# Data extract

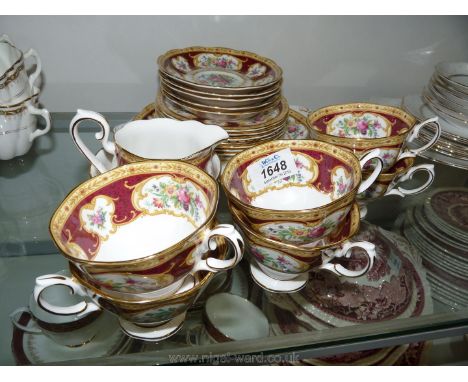A Royal Albert 'Lady Hamilton' part Teaset including six cups, five saucers, seven side plates, bread/ butter plate, sugar bo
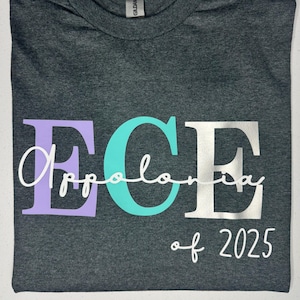 May include: Dark grey t-shirt featuring the letters "ECE" in lavender, teal, and silver. The word "Appolonia" is written in cursive over the "E" and "C". The text "of 2025" is below the letters.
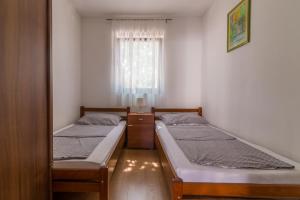 Apartments Miler tesisinde bir odada yatak veya yataklar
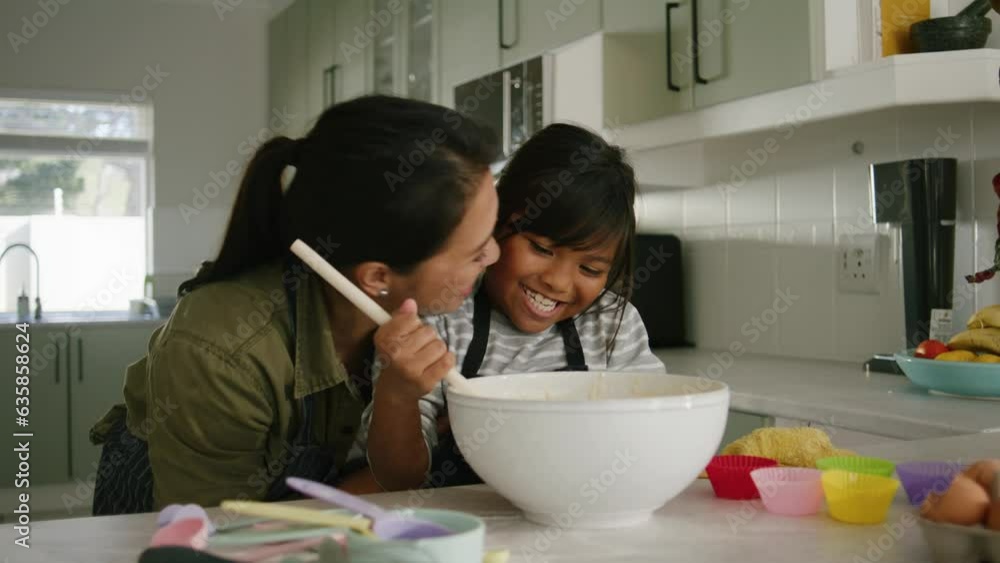 Asian Mother and daughter smiling and looking at the camera laughing in the kitchen Asian Mother and daughter smiling and looking at the camera laughing in the kitchen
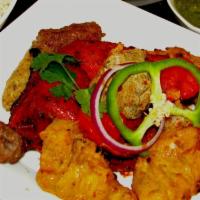 Tandoori Mixed Grill · A sizzling combination of all of our tandoori specials including tandoori chicken, chicken t...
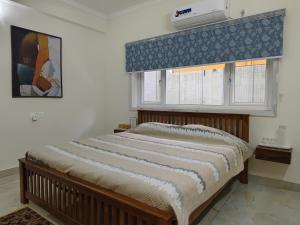 a bedroom with a bed and a window with a air conditioner at Best 2x3BHK Premium Homestay - Emerald, 7 Elysee Homestay in Trichūr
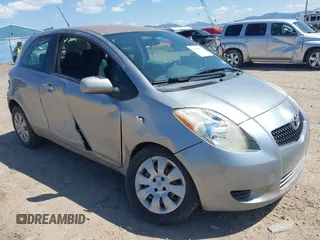 2007 Toyota Yaris z VIN JTDJT923875094794, wystawiony jako IAAI lot #42094923 z przebiegiem 156 490 mil mil oraz . Historia ofert i sprzedaży dostępna na DreamBid. Obrazek 1.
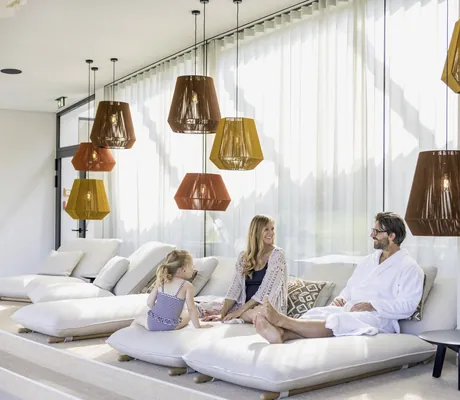 Familie entspannt auf Liegen im modernen Ruheraum mit großen Fenstern und dekorativen Lampen im Naturresort PURADIES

# Task objective
Transcribe the entries above word for word, but leave every picture out of your copy.

# Answer box
A Royal Albert 'Lady Hamilton' part Teaset including six cups, five saucers, seven side plates, bread/ butter plate, sugar bo
 May include: Dark grey t-shirt featuring the letters "ECE" in lavender, teal, and silver. The word "Appolonia" is written in cursive over the "E" and "C". The text "of 2025" is below the letters.
 Apartments Miler tesisinde bir odada yatak veya yataklar
 Asian Mother and daughter smiling and looking at the camera laughing in the kitchen Asian Mother and daughter smiling and looking at the camera laughing in the kitchen
 Tandoori Mixed Grill · A sizzling combination of all of our tandoori specials including tandoori chicken, chicken t...
 a bedroom with a bed and a window with a air conditioner at Best 2x3BHK Premium Homestay - Emerald, 7 Elysee Homestay in Trichūr
 2007 Toyota Yaris z VIN JTDJT923875094794, wystawiony jako IAAI lot #42094923 z przebiegiem 156 490 mil mil oraz . Historia ofert i sprzedaży dostępna na DreamBid. Obrazek 1.
 Familie entspannt auf Liegen im modernen Ruheraum mit großen Fenstern und dekorativen Lampen im Naturresort PURADIES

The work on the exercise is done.